Quote the entries word for word. Omit the pictures.

Collected data entries:
********************

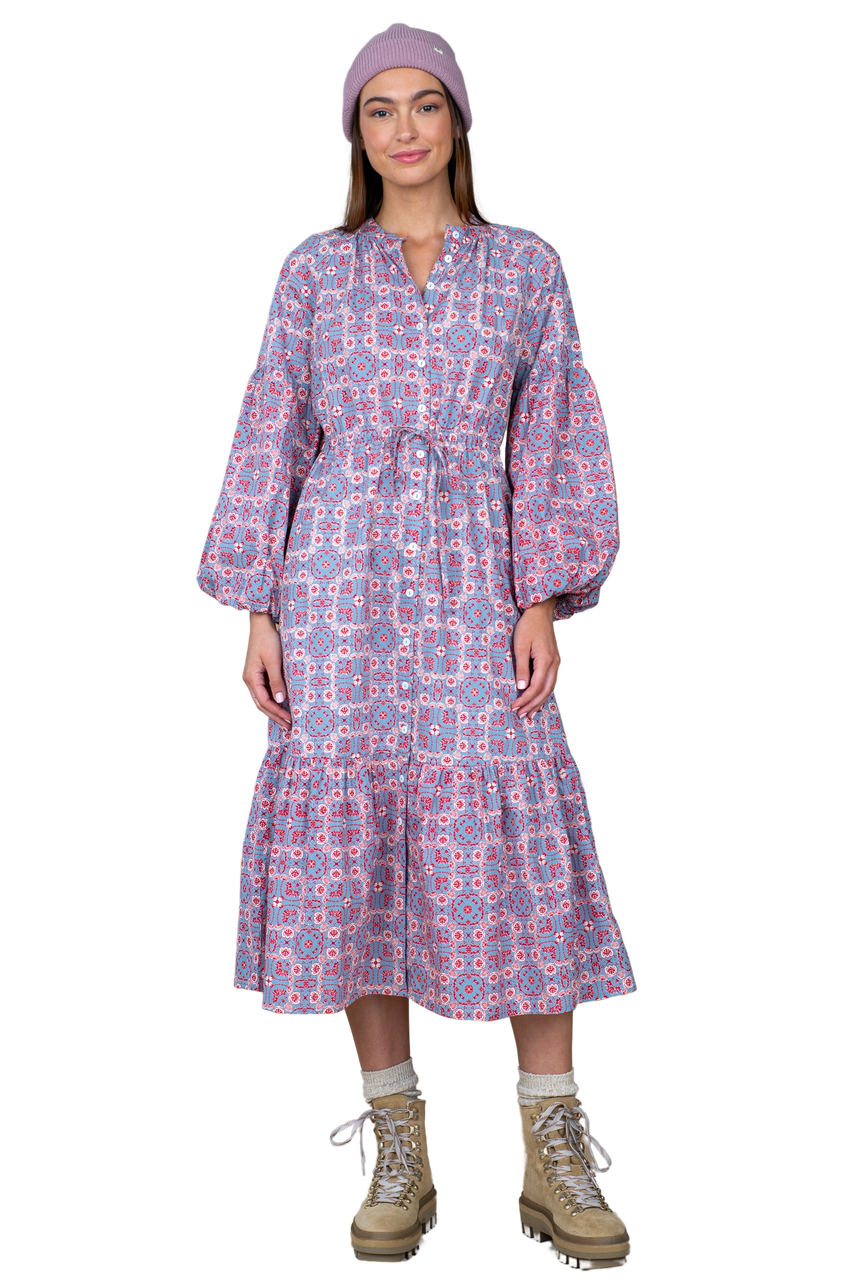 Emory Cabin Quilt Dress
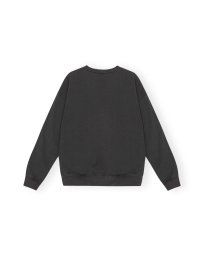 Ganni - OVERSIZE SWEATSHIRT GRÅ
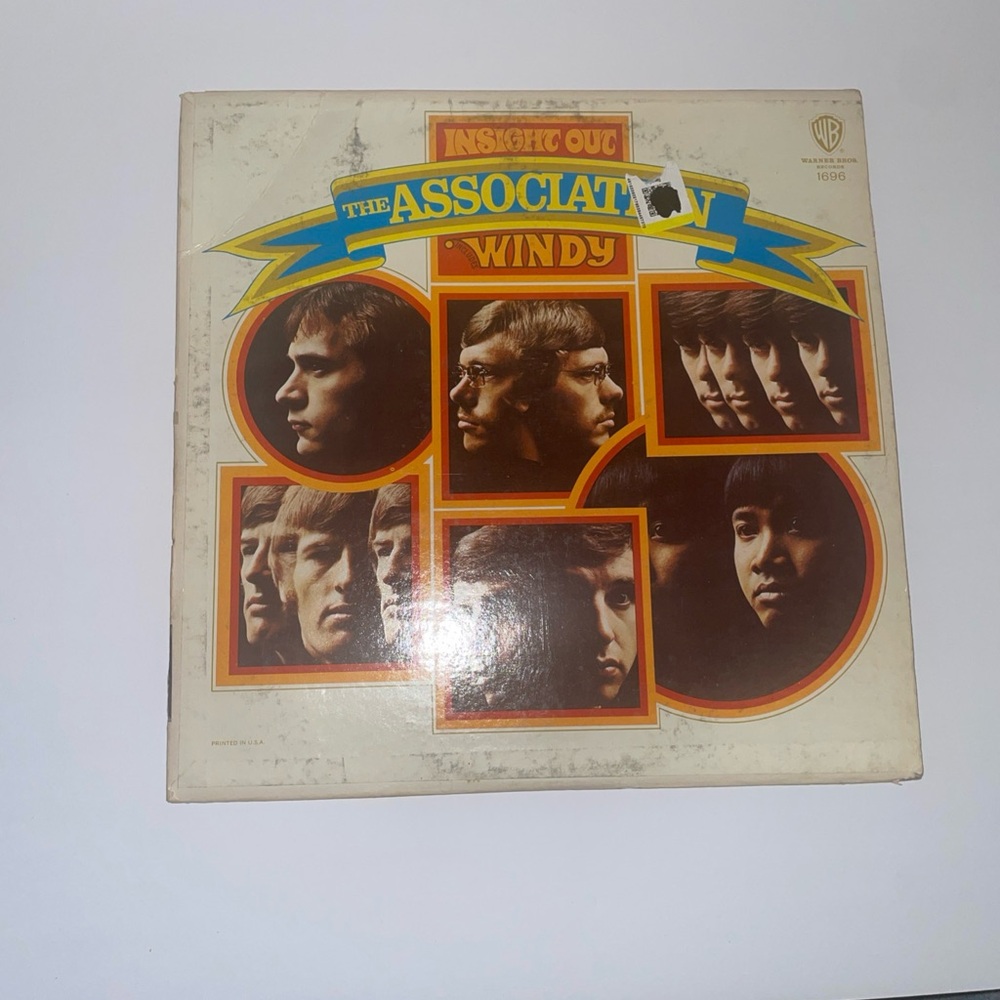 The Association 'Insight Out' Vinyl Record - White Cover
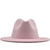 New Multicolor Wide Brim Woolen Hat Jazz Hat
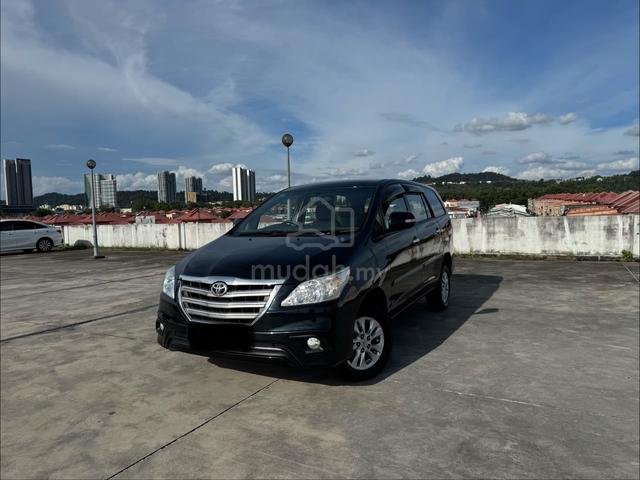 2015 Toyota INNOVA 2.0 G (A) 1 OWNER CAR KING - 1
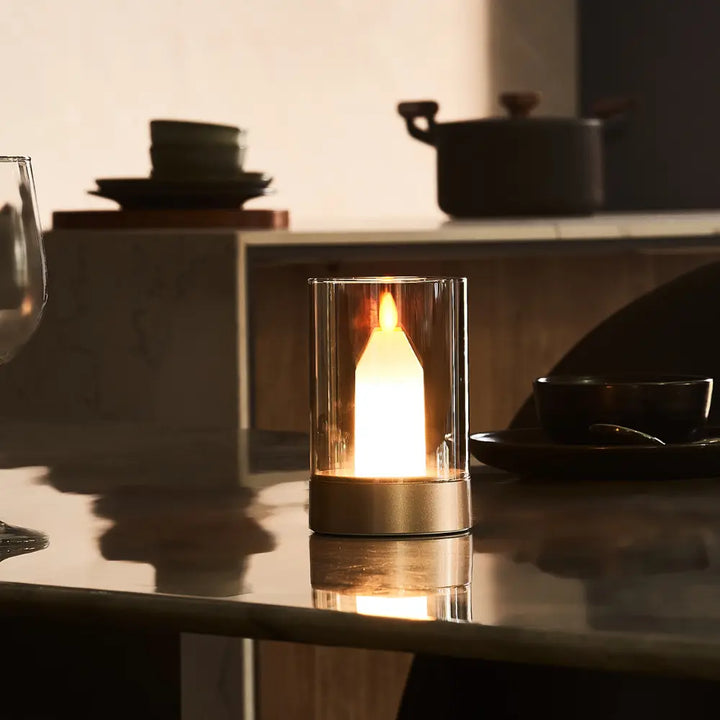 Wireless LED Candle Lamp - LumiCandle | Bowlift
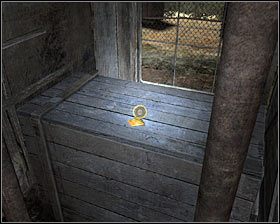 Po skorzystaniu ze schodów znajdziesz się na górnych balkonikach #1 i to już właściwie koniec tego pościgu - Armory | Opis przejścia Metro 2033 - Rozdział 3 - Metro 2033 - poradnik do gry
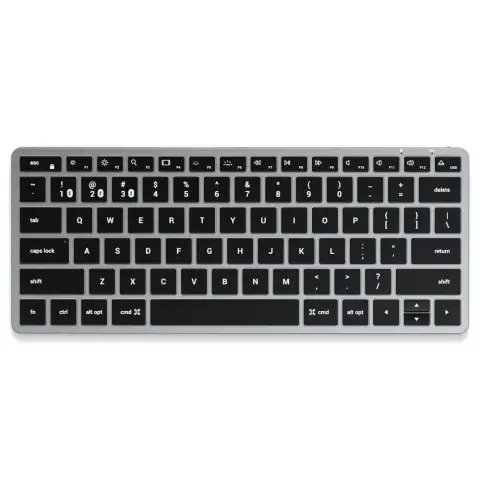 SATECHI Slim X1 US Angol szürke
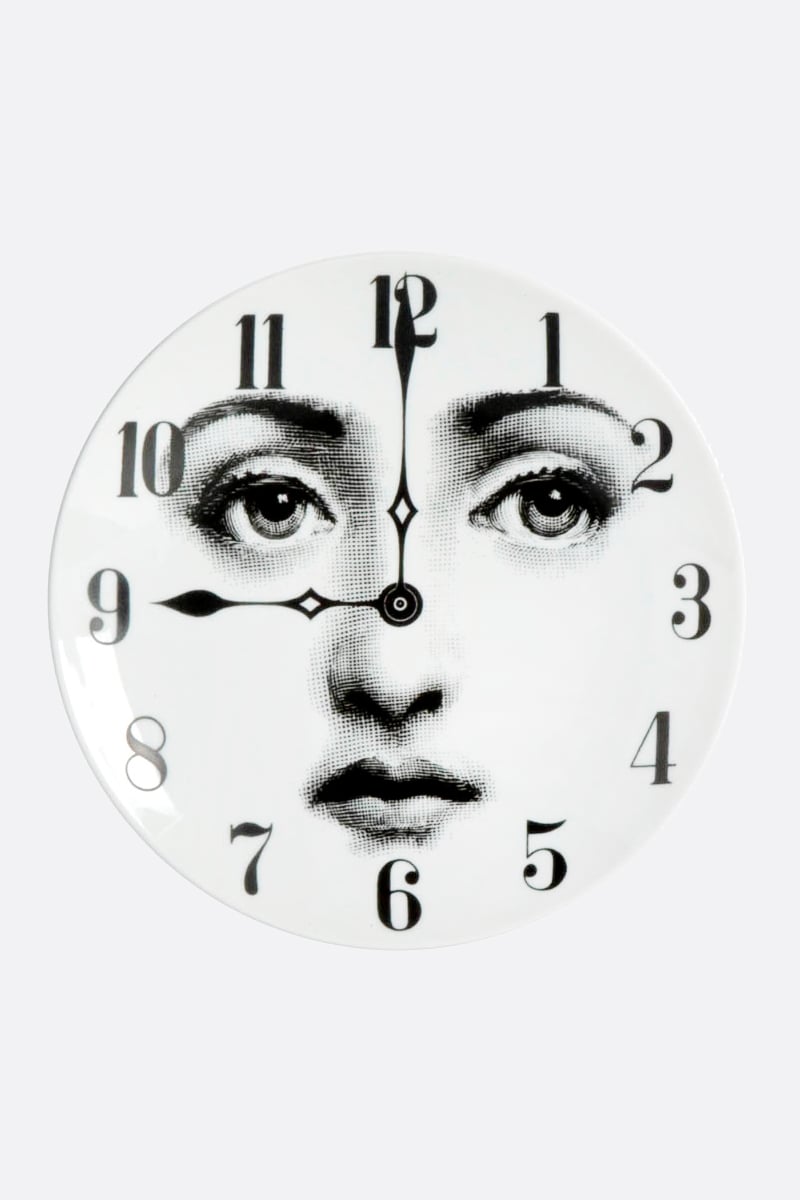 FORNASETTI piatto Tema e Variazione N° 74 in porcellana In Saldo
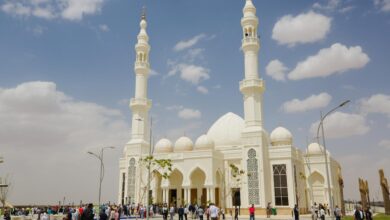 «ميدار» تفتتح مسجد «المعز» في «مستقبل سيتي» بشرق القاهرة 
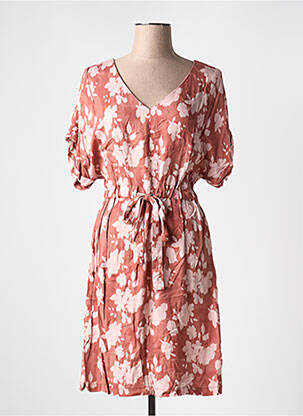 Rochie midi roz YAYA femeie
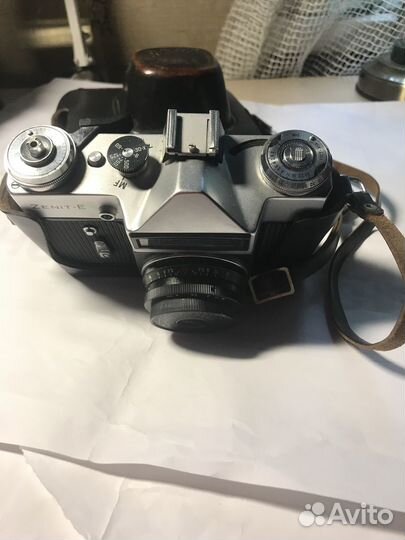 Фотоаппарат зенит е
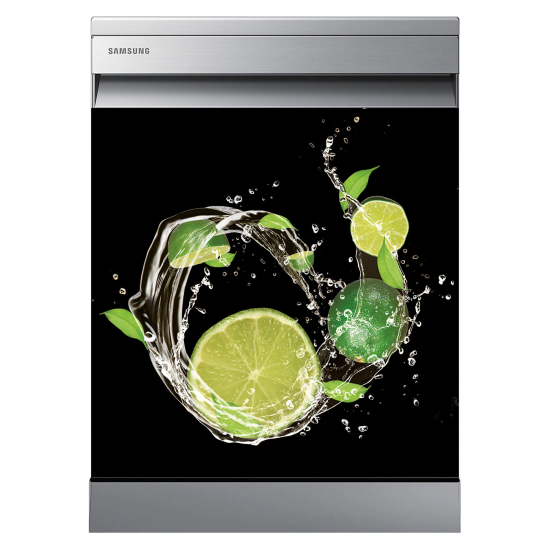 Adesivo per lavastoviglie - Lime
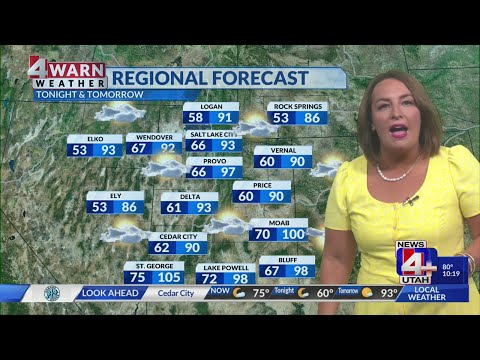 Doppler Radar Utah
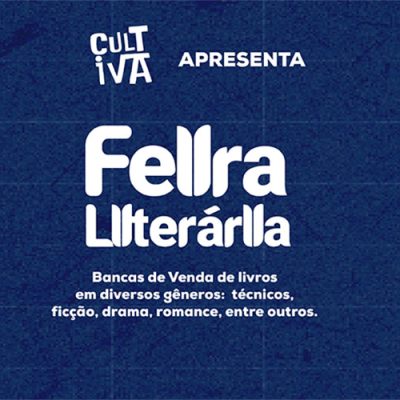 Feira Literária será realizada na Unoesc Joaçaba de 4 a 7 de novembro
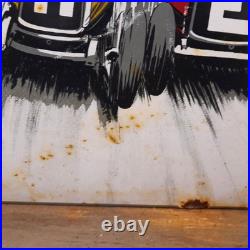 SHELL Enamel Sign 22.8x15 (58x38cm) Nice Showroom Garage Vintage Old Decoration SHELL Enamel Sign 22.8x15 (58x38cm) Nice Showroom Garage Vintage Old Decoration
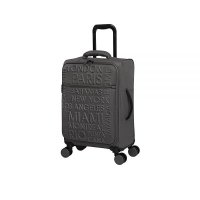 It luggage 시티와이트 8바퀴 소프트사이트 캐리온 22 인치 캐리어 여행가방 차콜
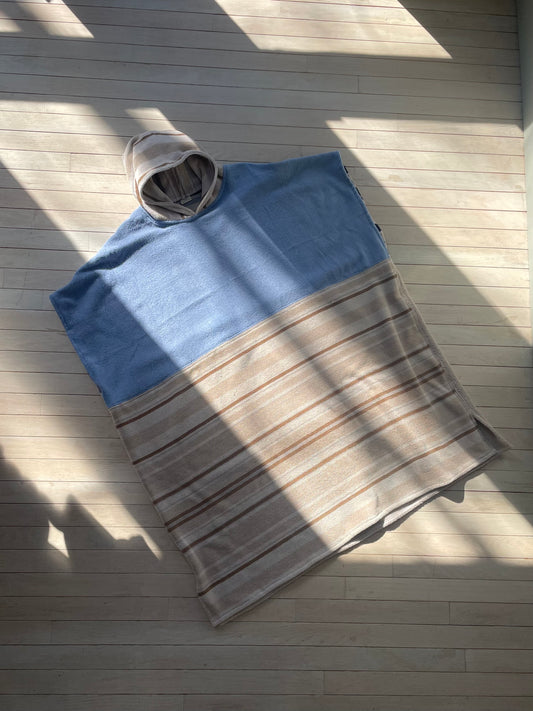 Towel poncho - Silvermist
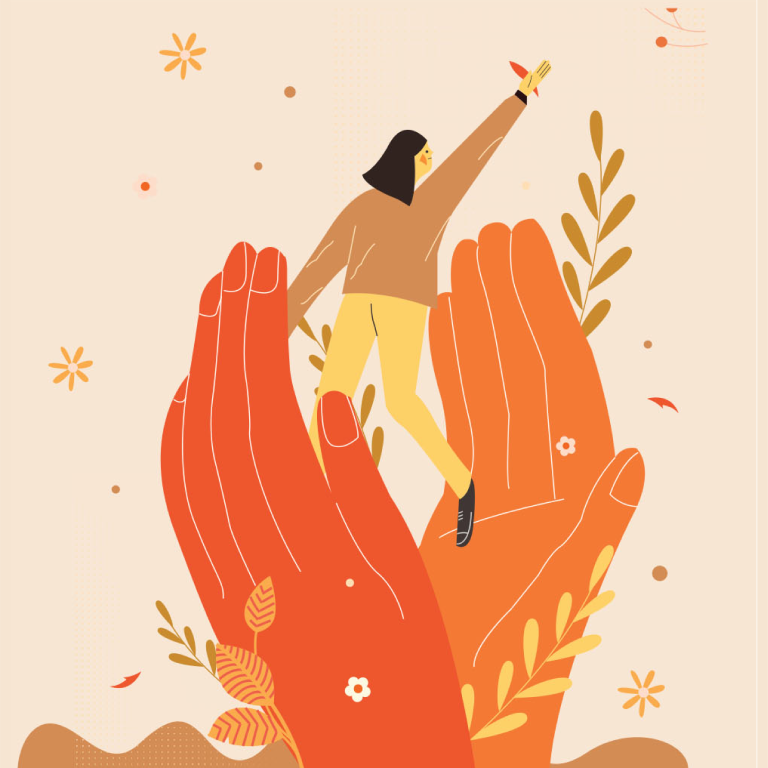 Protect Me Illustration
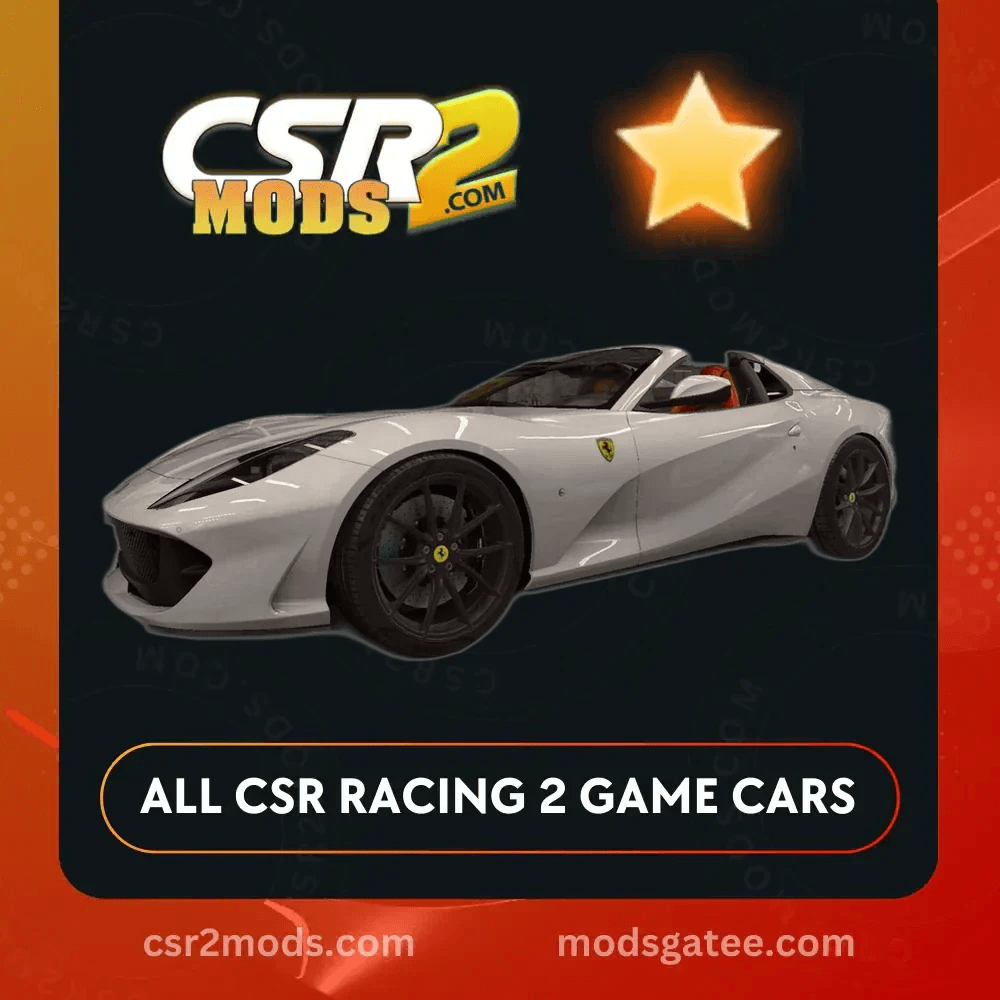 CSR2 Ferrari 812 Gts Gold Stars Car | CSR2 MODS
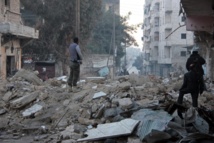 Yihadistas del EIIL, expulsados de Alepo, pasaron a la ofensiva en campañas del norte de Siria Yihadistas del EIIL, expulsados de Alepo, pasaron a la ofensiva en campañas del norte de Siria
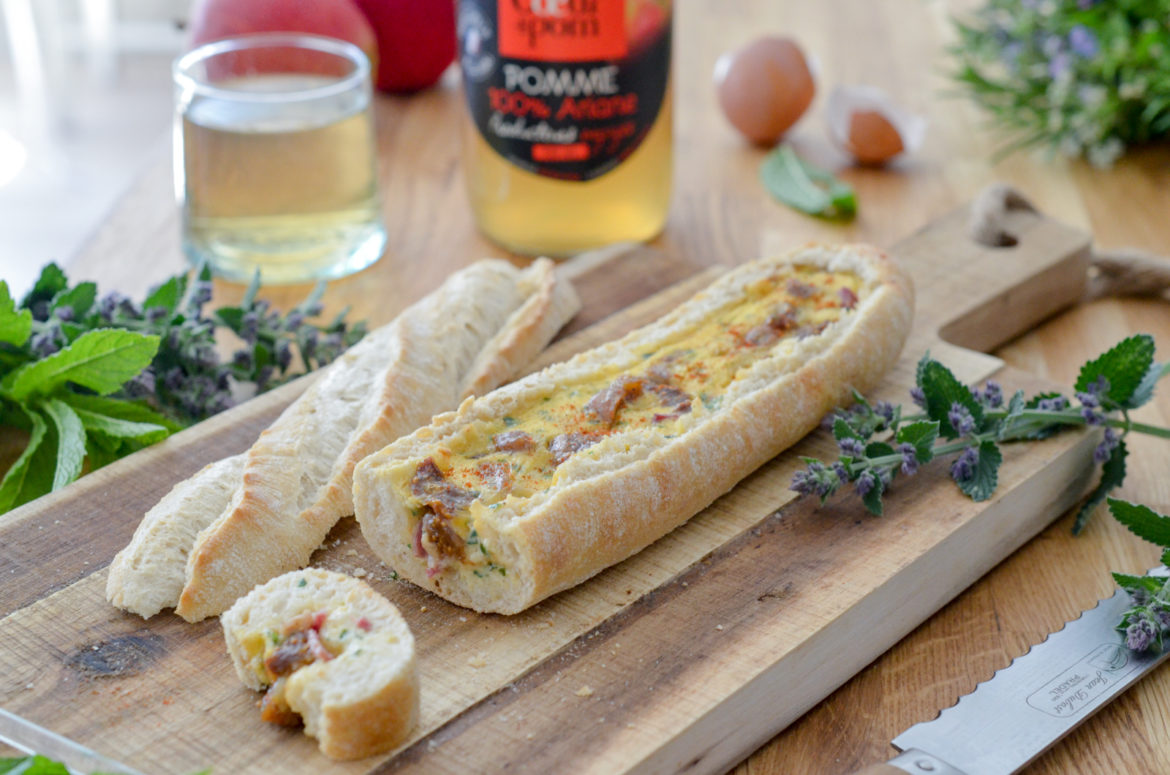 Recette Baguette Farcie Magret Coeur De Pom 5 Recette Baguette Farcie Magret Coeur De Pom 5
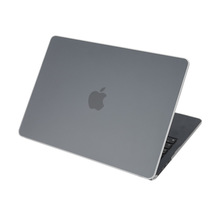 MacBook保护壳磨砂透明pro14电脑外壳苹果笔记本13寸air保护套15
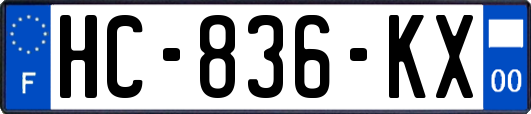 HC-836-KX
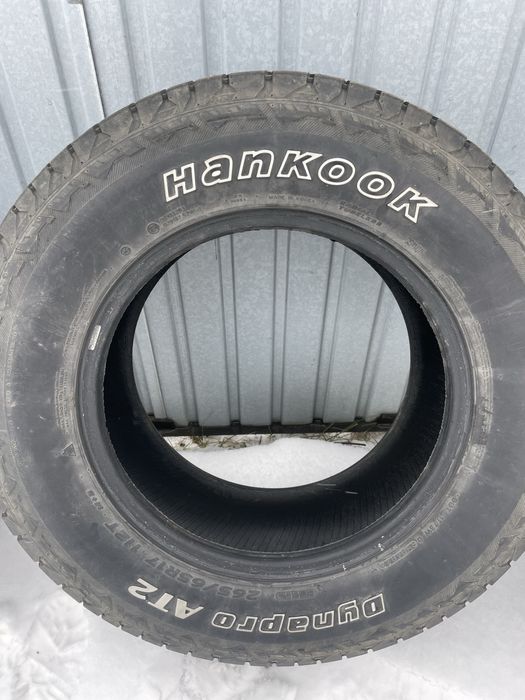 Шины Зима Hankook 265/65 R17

********************

_RESPONSE FOR THIS EXERCISE_
 Emory Cabin Quilt Dress
 Ganni - OVERSIZE SWEATSHIRT GRÅ
 The Association 'Insight Out' Vinyl Record - White Cover
 New Multicolor Wide Brim Woolen Hat Jazz Hat
 2015 Toyota INNOVA 2.0 G (A) 1 OWNER CAR KING - 1
 Wireless LED Candle Lamp - LumiCandle | Bowlift
 Po skorzystaniu ze schodów znajdziesz się na górnych balkonikach #1 i to już właściwie koniec tego pościgu - Armory | Opis przejścia Metro 2033 - Rozdział 3 - Metro 2033 - poradnik do gry
 SATECHI Slim X1 US Angol szürke
 FORNASETTI piatto Tema e Variazione N° 74 in porcellana In Saldo
 «ميدار» تفتتح مسجد «المعز» في «مستقبل سيتي» بشرق القاهرة 
 Rochie midi roz YAYA femeie
 Фотоаппарат зенит е
 Adesivo per lavastoviglie - Lime
 Doppler Radar Utah
 Feira Literária será realizada na Unoesc Joaçaba de 4 a 7 de novembro
 SHELL Enamel Sign 22.8x15 (58x38cm) Nice Showroom Garage Vintage Old Decoration SHELL Enamel Sign 22.8x15 (58x38cm) Nice Showroom Garage Vintage Old Decoration
 It luggage 시티와이트 8바퀴 소프트사이트 캐리온 22 인치 캐리어 여행가방 차콜
 Towel poncho - Silvermist
 Protect Me Illustration
 CSR2 Ferrari 812 Gts Gold Stars Car | CSR2 MODS
 Yihadistas del EIIL, expulsados de Alepo, pasaron a la ofensiva en campañas del norte de Siria Yihadistas del EIIL, expulsados de Alepo, pasaron a la ofensiva en campañas del norte de Siria
 Recette Baguette Farcie Magret Coeur De Pom 5 Recette Baguette Farcie Magret Coeur De Pom 5
 MacBook保护壳磨砂透明pro14电脑外壳苹果笔记本13寸air保护套15
 HC-836-KX
 Шины Зима Hankook 265/65 R17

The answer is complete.